In the figure, $\;$ $PQ = QR$, $\;$ $\angle RQP = 68^\circ$, $\;$ $PC$ and $CQ$ are tangents to the circle with center $O$.
- $\angle QOP$
- $\angle QCP$
Given:
$PQ = QR$, $\;$ $\angle RQP = 68^\circ$, $\;$ $PC, \; CQ$ are tangents, $\;$ $O $ is the center of the circle
- In $\triangle PQR$, $\;$ $\angle PRQ = \angle RQP = 68^\circ$ $\;\;\;$ [$\because \;$ $PQ = QR$, angles opposite equal sides are equal]

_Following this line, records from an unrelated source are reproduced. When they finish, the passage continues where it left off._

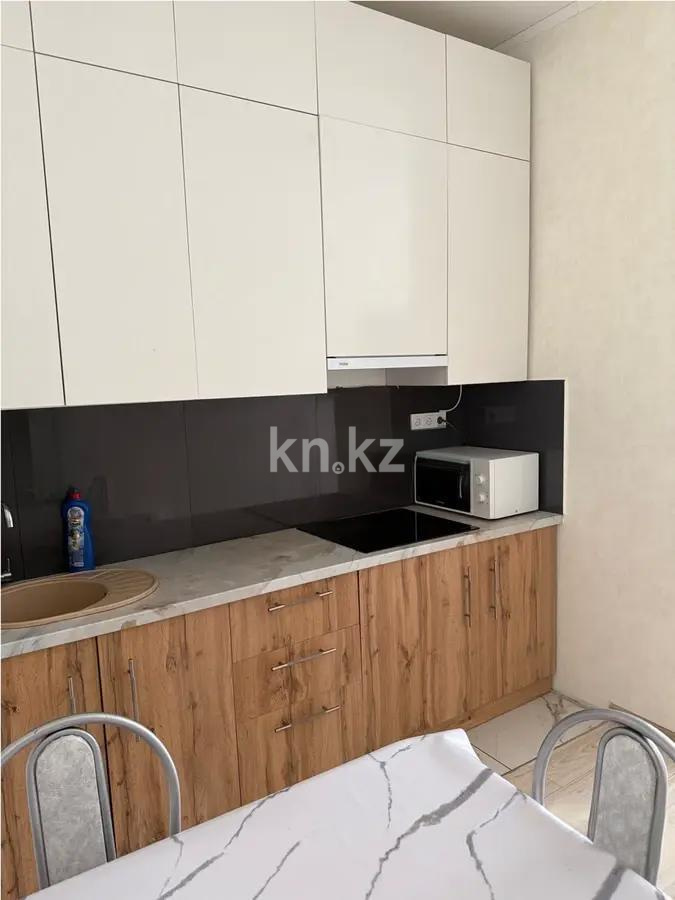 Продажа 2-комнатной квартиры, 45 м² в Астане - фото 3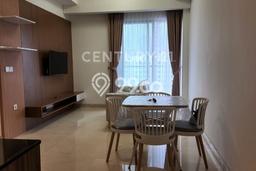 Paling Dicari! Apartemen Eksklusif Dijual di Kebon Melati Punya 1 Bedroom Paling Dicari! Apartemen Eksklusif Dijual di Kebon Melati Punya 1 Bedroom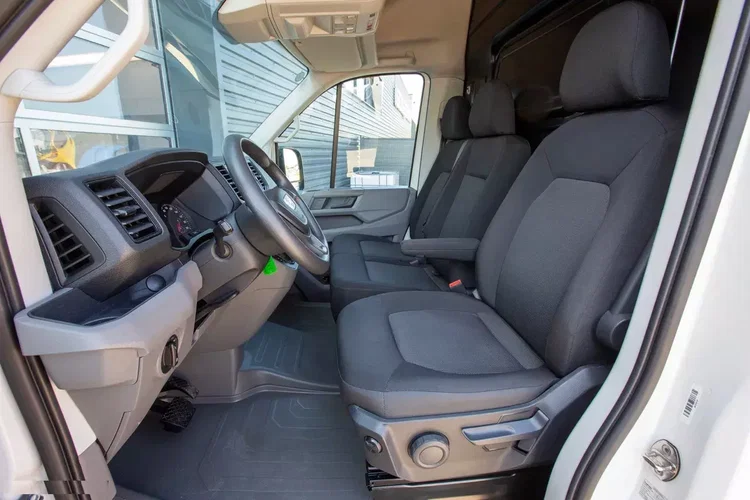 MAN Tge 180KM AUTOMAT DŁUGI zdjęcie 14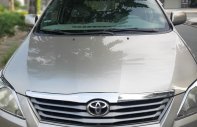Toyota Innova 2014 - Xe chính chủ, 320tr giá 320 triệu tại Tp.HCM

$\angle QOP = 2 \angle PRQ$ $\;\;\;$ [angle at the center is twice the angle at remaining circumference]
$\therefore \;$ $\angle QOP = 2 \times 68^\circ = 136^\circ$ - $OP = OQ$ $\;\;\;$ [radii of the same circle]
$\angle OPC = \angle OQC = 90^\circ$ $\;\;\;$ [angle between radius and tangent is $90^\circ$]
$POQC$ is a quadrilateral.
$\therefore \;$ $\angle QOP + \angle OPC + \angle OQC + \angle QCP = 360^\circ$ $\;\;\;$ [sum of angles of a quadrilateral]
$\begin{aligned} \therefore \; \angle QCP & = 360^\circ - \left(\angle QOP + \angle OPC + \angle OQC\right) \\\\ & = 360^\circ - \left(136^\circ + 90^\circ + 90^\circ\right) \\\\ & = 44^\circ \end{aligned}$